Von Kruschköpfen in zwei Klimazonen

Wann immer Opa vor einem praktischen Problem stand, das er nicht auf Anhieb mit Mitteln aus seinem üblichen Repertoire lösen konnte, ging er an die Schublade in seiner Werkstatt, die als die Kiste mit Kruschkram bezeichnet wurde. Für mich als Kind war das immer wie Ostern und Weihnachten auf einen Tag – eine wundersame Welt voller Überraschungen tat sich vor mir auf. In diese Schublade wurde alles abgelegt, das nirgend woanders hinpasste, aber das vielleicht noch einmal von Wert sein könnte. Und natürlich konnte mein Opa meine Frage „Wofür ist das gut?“ selten hinreichend beantworten, was seinen Kruschkram noch viel interessanter machte. Übrigens war es auch meist so, dass er in der Schublade etwas fand, mit dem sich – zumindest vorläufig – mein Problem auch lösen ließ.

Die Old School-Kruschkiste ist hier die Metapher, um die kreative und innovative Dimension von Complex Problem Solving im Design zu verdeutlichen.

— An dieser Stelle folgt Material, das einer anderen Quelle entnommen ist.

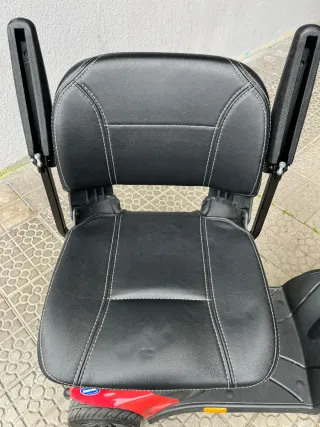 Scooter eléctrica Invacare Colibri SEMI NUEVA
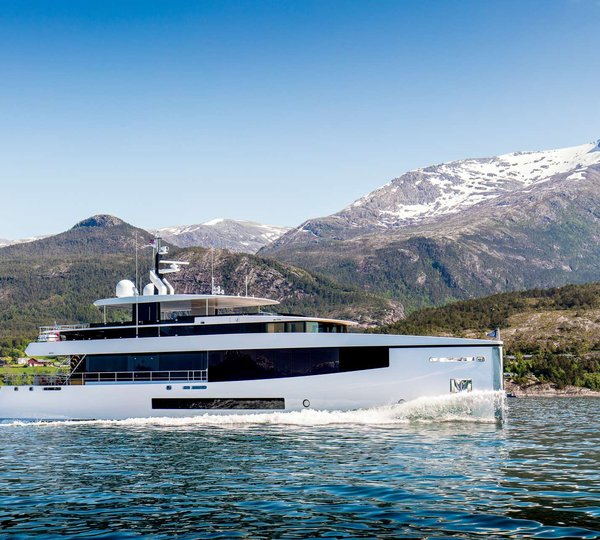 Motor yacht Moon Sand Too - Copyright Feadship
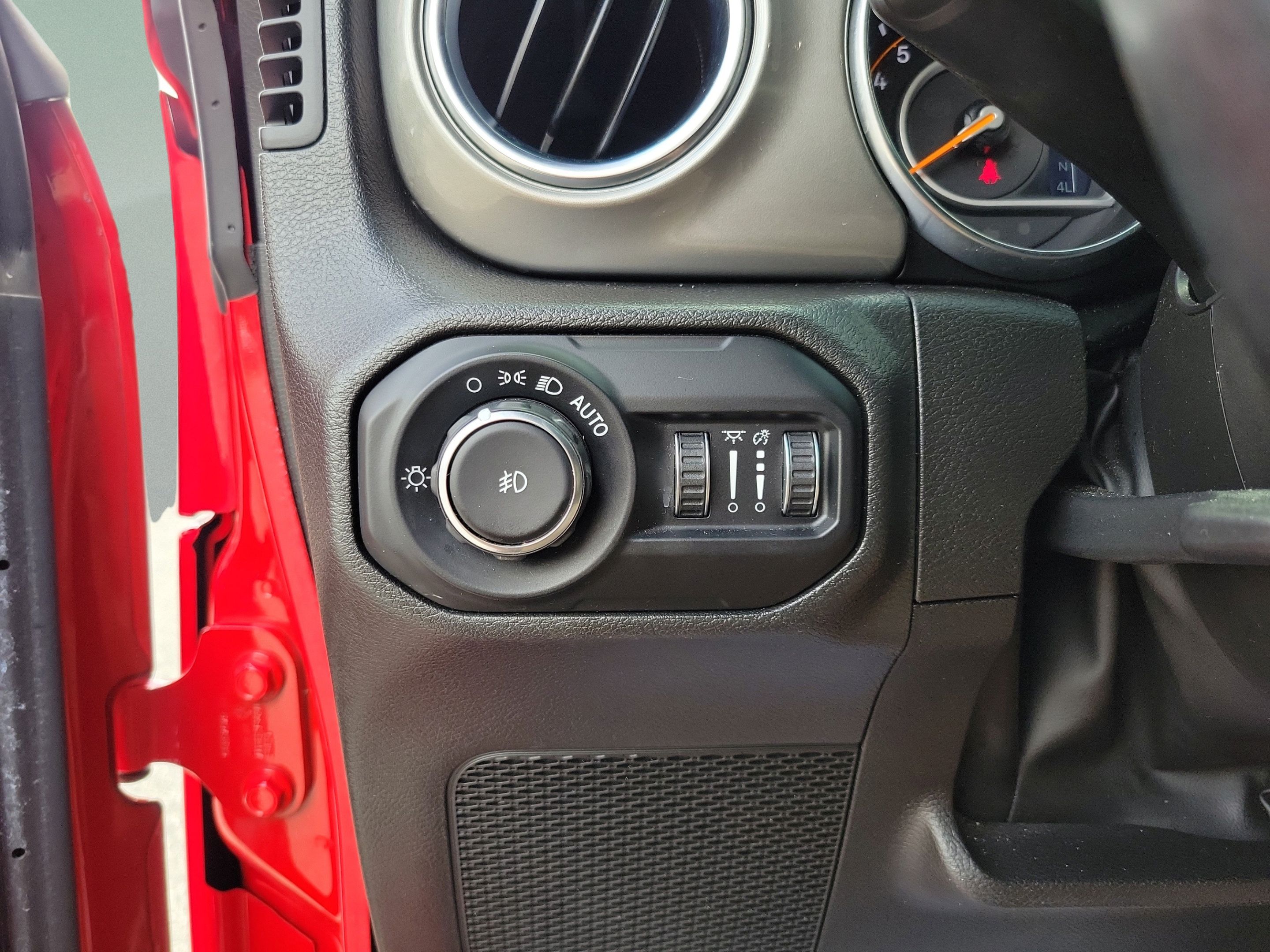 Used 2022 Jeep Wrangler Unlimited Sahara w/ Cold Weather Group AWD/4WD image 16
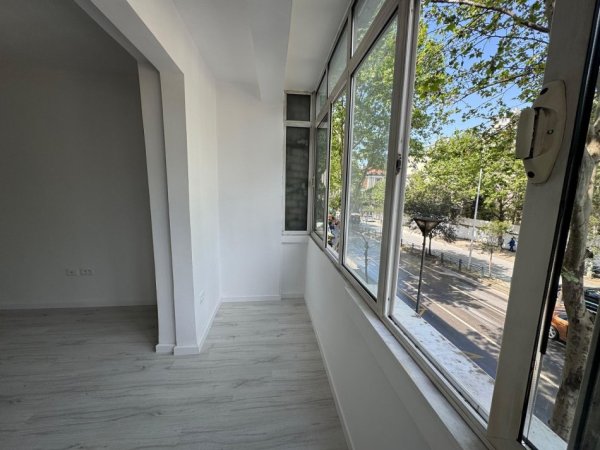 Tirane, shitet apartament 2+1+Ballkon Kati 2, 64 m² 146.000 € (Rruga Asim Vokshi)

Vielleicht ist diese Kruschkiste sogar dafür verantwortlich, dass ich Industrial Design studiert habe. Auch ich sammle in meinem Kopf die unterschiedlichsten „Dinge“, um sie möglicherweise eines Tages miteinander zu verknüpfen, um so zu neuen Erkenntnissen zu kommen. Wenn man als Designer nun nicht gerade sein Leben nur dem Entwickeln und Gestalten von immer neuen Küchenstühlen widmet, sondern sich von der Komplexität unserer artifiziellen Welt ständig herausgefordert fühlt, dann ergeben sich sehr viele lose Enden, die zu neuen Netzen geknüpft werden wollen. Diese führen im Design fast zwangsläufig zu kreativen Optionen, die sich im Konzert mit anderen Wissenschaften dann zu erfolgreichen Innovationen realisieren lassen. Versucht doch das Design auch die dunkelsten Ecken anderer Disziplinen nach Optionen für Innovation zu durchleuchten. Das Design selbst hat sich in den letzten Jahren zu einer Kruschkiste entwickelt, in der sich UI/UX-Design, Service-Design, Social Design, Design Thinking u.a. finden lassen. Ergänzt wird das gestaltungsorientierte Design durch ein neues Designverständnis aus technischen, sozial- und geisteswissenschaftlichen Disziplinen, das eher planungsinduziert ist – vom Learning Design über das Design Engineering bis hin zum Business Process Design. Planung und Gestaltung – zwei Klimazonen in der Terra Incognita der Transformation.

Wer heute über Innovation redet, muß Transformation mitdenken. Allerdings wird häufig gemeint, dass Innovationen Voraussetzung dafür sind. Ich meine, es müsste genau umgekehrt sein: Strategien der Transformation sollten vorzeichnen, auf welcher Basis welche Innovationen entstehen müssen. Hierbei sollte der Fokus nicht auf technischen Neuerungen liegen, sondern gleichermaßen soziale und kulturelle wie auch ökologische und ökonomische Konzepte der Innovation berücksichtigen. Und dafür braucht es kreative Kruschköpfe, die neue Netze zwischen allen wissenschaftlichen Disziplinen knüpfen können.